9 Formatting etc. of a data matrix code
A data matrix code applied to a unit of the medicine must be:
(a) formatted in accordance with the requirements applicable to a GS1 DataMatrix as described in the GS1 General Specifications; and
(b) applied to the label of each unit of the medicine so as to minimise the risk of an inadvertent reading of any other machine-readable code on the label; and
(c) machine-readable for the shelf life of the medicine.

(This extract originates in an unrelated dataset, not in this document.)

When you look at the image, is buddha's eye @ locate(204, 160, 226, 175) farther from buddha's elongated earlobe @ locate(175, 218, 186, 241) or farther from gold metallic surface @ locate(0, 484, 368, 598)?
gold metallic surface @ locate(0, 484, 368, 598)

10 Information in a data matrix code
(1) The information in a data matrix code applied to a unit of the medicine must be consistent with:
(a) any human-readable information in or on the packaging, including higher and lower levels of packaging and product information and consumer medicine information in relation to the medicine; and
(b) the information in any other machine-readable code present on the label of the goods.
(2) Any information in a data matrix code to enable access to the product information in relation to the medicine must identify the current, approved version of the product information.
(3) Any information in a data matrix code to enable access to the consumer medicine information in relation to the medicine must identify the most current version of the consumer medicine information.
(4) If a data matrix code containing a GTIN is applied to the primary pack of a unit of the medicine, then the information contained within the data matrix code must be transcribed in human-readable format that is:
(a) located adjacent to the data matrix code, where space permits, in accordance with the GS1 General Specifications; and
(b) in a form that would enable a user to interpret the information without knowledge of the GS1 General Specifications.